No pictures, no extra lines: copy exactly from the line with "Woven Leather Storage" through the end of the entries.

====

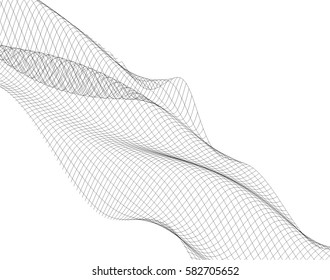 Architectural drawing. Geometric background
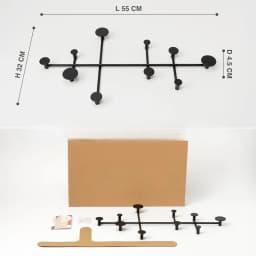 Wrought Iron Coat Racks Black Creative Space Saving Hanger Portable Wall Hanging Coat Hook Modern Bedroom Storage Furniture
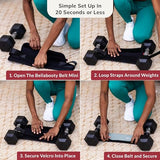 Bellabooty Belt Mini - Bellabooty Exercise Hip Thrust Belt Mini – For Dumbbells, Kettlebells, and Plates – Slip-Resistant Padding for Hip Protection
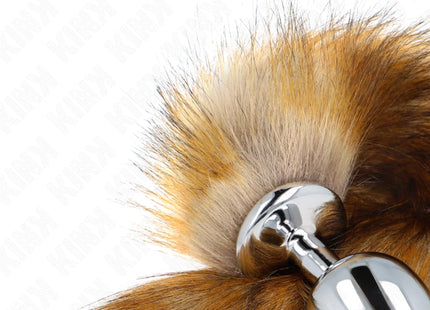 KINK - ANAL PLUG GRÖSSE L 10 X 4 CM MIT KUNSTSTOFFSCHWANZ 40 CM BRAUN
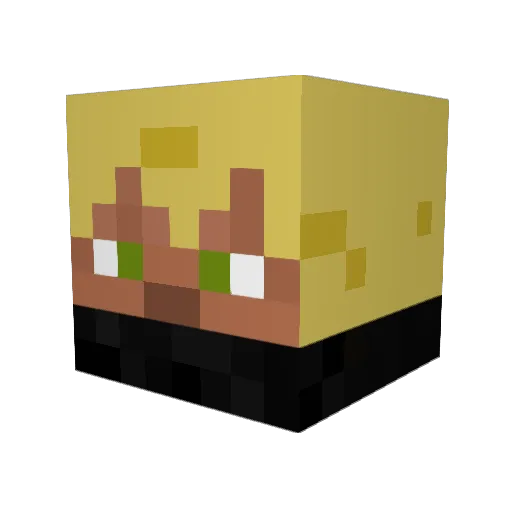Maddog292 Minecraft avatar head, 3D render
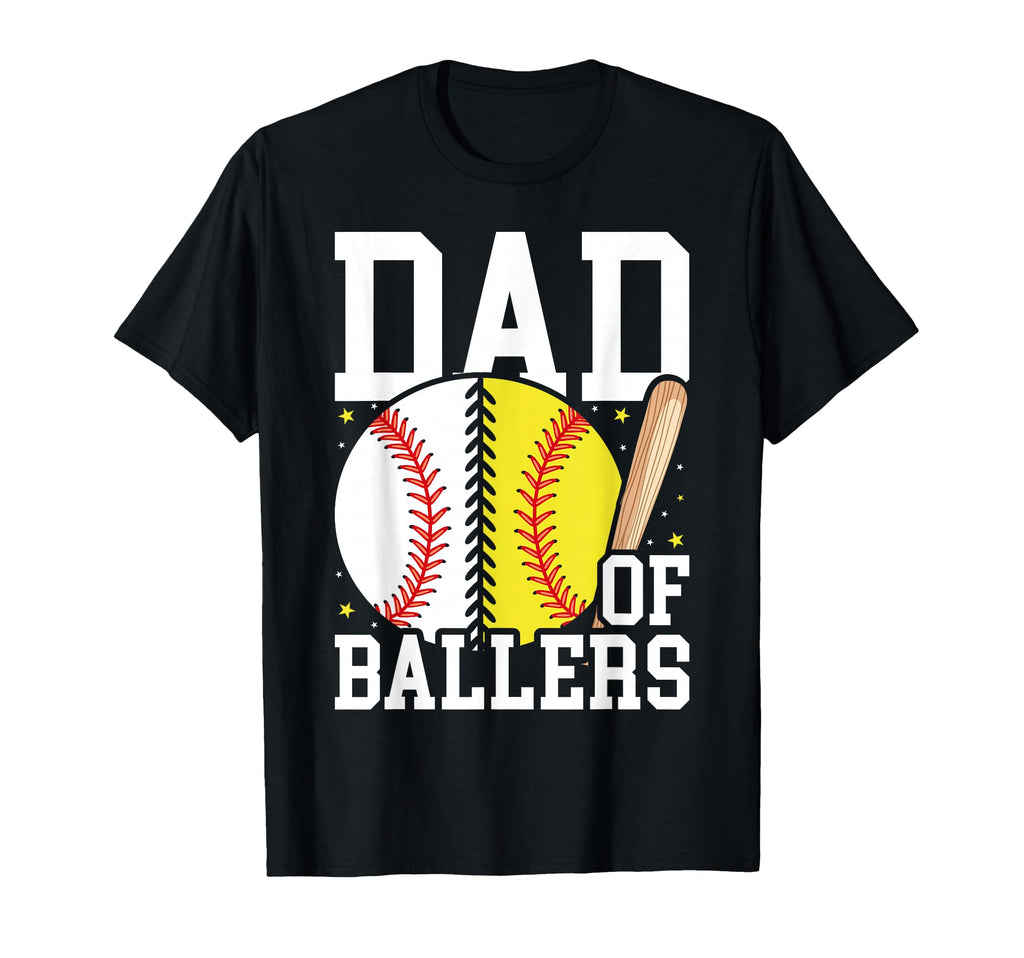 Dad Ballers Funny Baseball Funny Dad T-Shirt - Novelty Apparel Unisex - T-Shirt, Sweatshirt, Hoodie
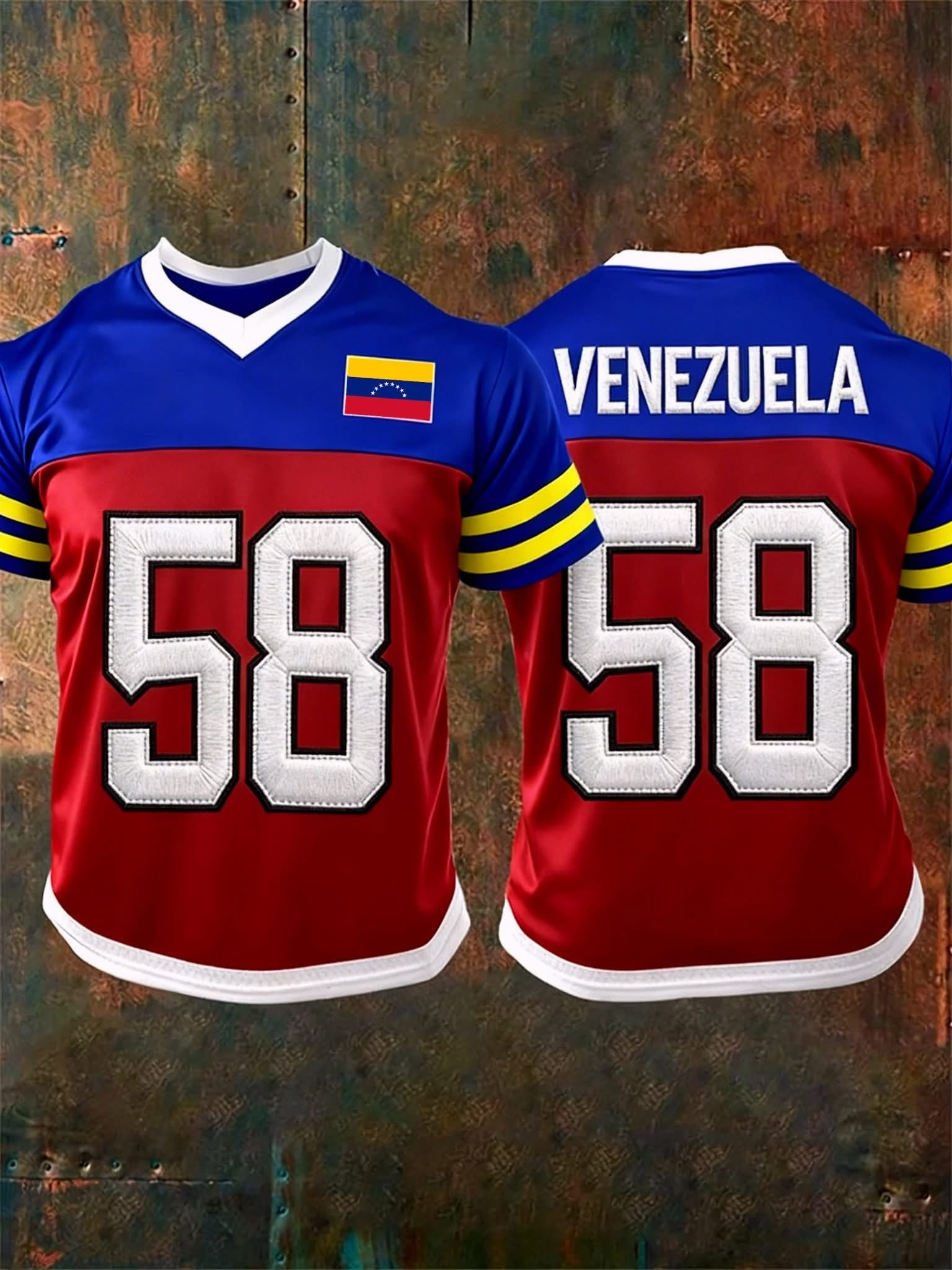 Venezuela 2026 World Baseball Classic Jersey Luinder Avila 58 Venezuela Baseball Merch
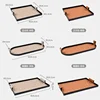 Woven Leather Storage Tray Metal Organizer Tray Rectangle Cosmetic Desktop Debris Finishing Home Key Storage Family Organizer 6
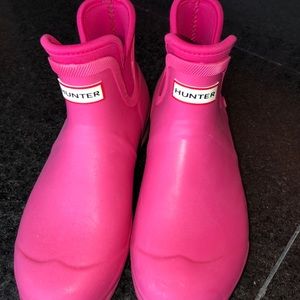 HUNTER Pink Rain Boots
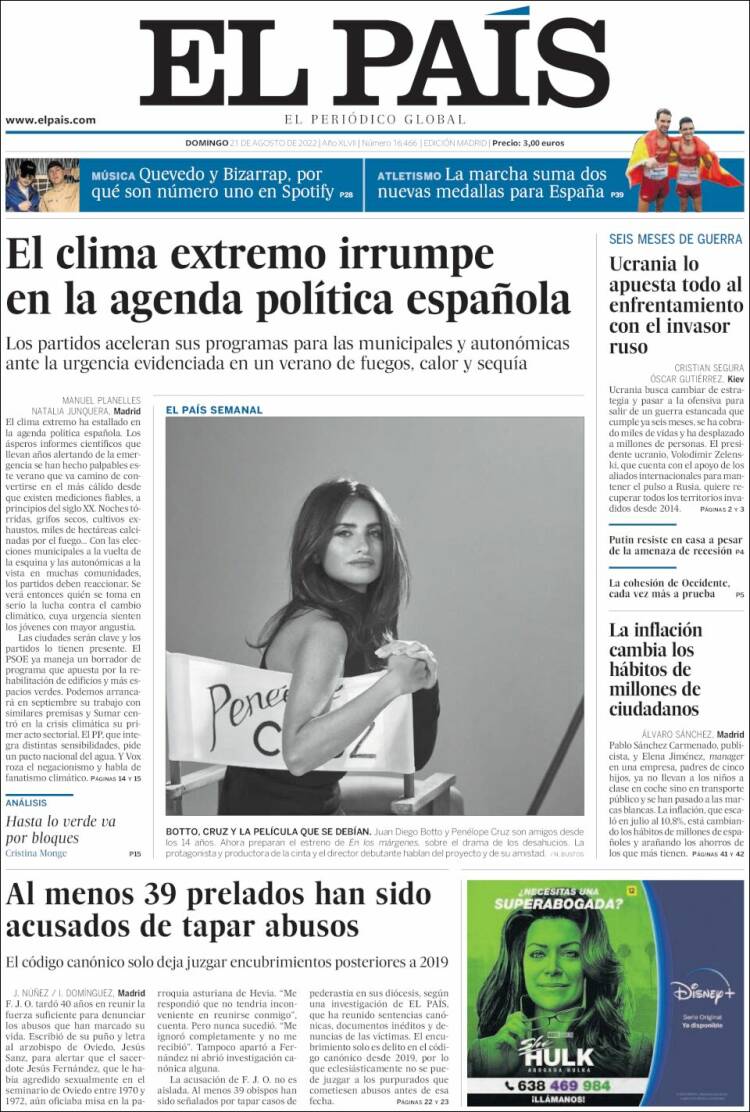 portada el pais 21 08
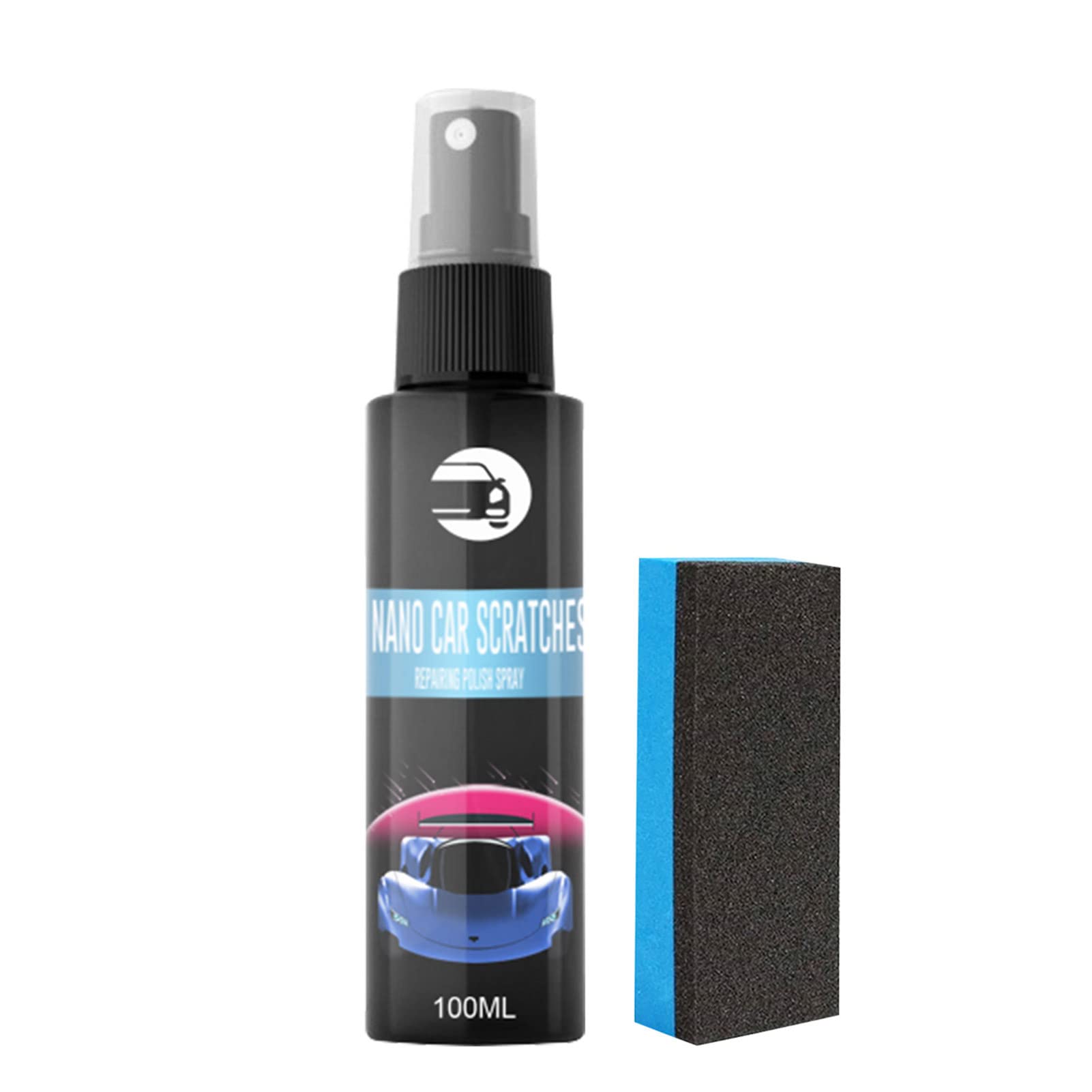 Car Scratch & Swirl Remover - Professional Paint Scratch Repair Kit, Swirl Mark Removal Spray for Car Detailing | Restores Shine & Eliminates Water Spots | Perfect for DIY Auto Care & Professional Detailing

====

• **EXERCISE SOLUTION**:
 Woven Leather Storage Tray Metal Organizer Tray Rectangle Cosmetic Desktop Debris Finishing Home Key Storage Family Organizer 6
 HUNTER Pink Rain Boots
 portada el pais 21 08
 Car Scratch & Swirl Remover - Professional Paint Scratch Repair Kit, Swirl Mark Removal Spray for Car Detailing | Restores Shine & Eliminates Water Spots | Perfect for DIY Auto Care & Professional Detailing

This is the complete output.